WHAT YOU HAVE TO DO: Set down again exactly the lines of the listing below that fall between the line holding "(ORJiNAL SES KOMUTLU)" and the line holding "Strategic Master Plan", inclusive.

INPUT FOR THIS TASK:
++++++

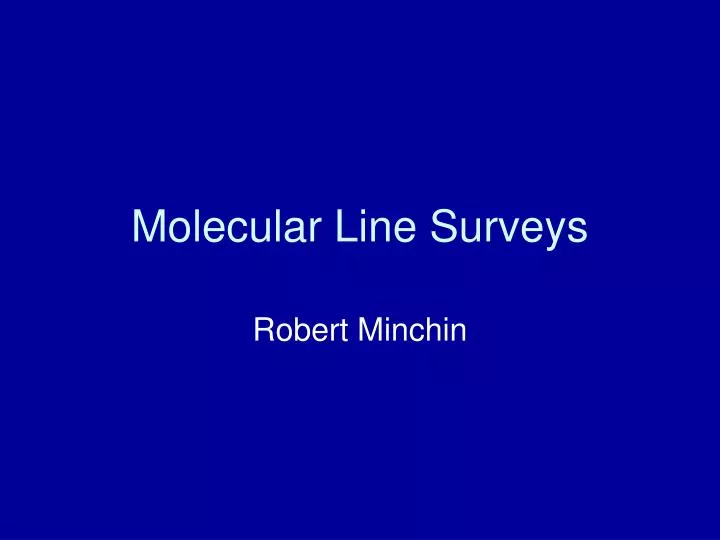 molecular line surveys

++++++

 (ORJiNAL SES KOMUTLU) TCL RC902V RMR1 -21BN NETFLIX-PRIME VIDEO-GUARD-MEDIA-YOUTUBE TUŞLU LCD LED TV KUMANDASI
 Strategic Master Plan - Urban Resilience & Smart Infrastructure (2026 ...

++++++

EXPECTED ANSWER:
 (ORJiNAL SES KOMUTLU) TCL RC902V RMR1 -21BN NETFLIX-PRIME VIDEO-GUARD-MEDIA-YOUTUBE TUŞLU LCD LED TV KUMANDASI
 Strategic Master Plan - Urban Resilience & Smart Infrastructure (2026 ...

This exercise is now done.